- [Work item]
Leave the images aside and copy out the whole listing, exact to the word.

- [Dataset content]
::::::

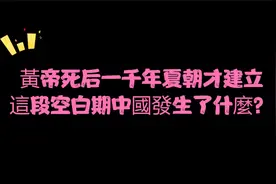 黃帝死后一千年夏朝才建立，這段空白期中國發生了什麼？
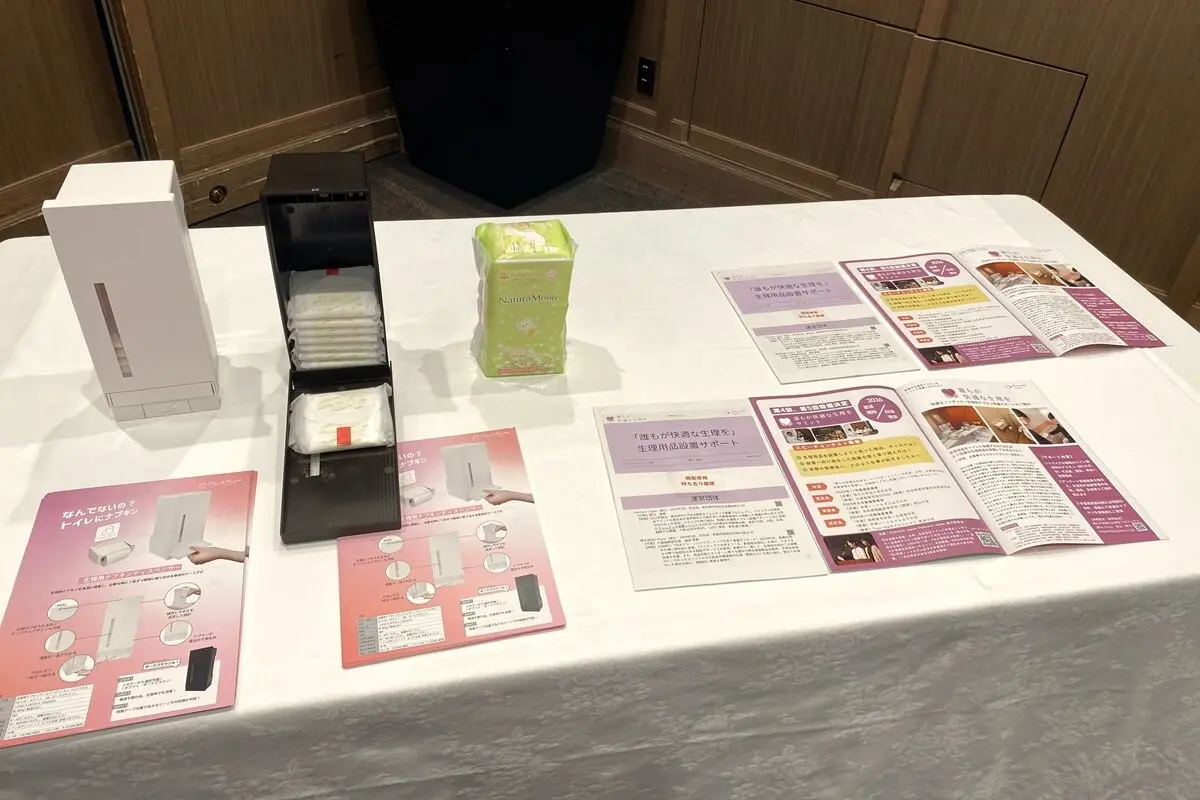 誰もが快適な生理を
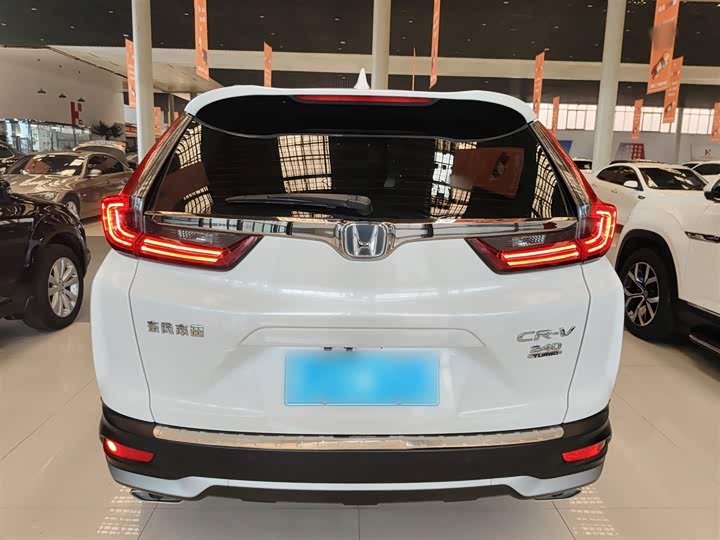 Фото 6 - Honda CR-V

::::::

- [Answer to the problem]
 黃帝死后一千年夏朝才建立，這段空白期中國發生了什麼？
 誰もが快適な生理を
 Фото 6 - Honda CR-V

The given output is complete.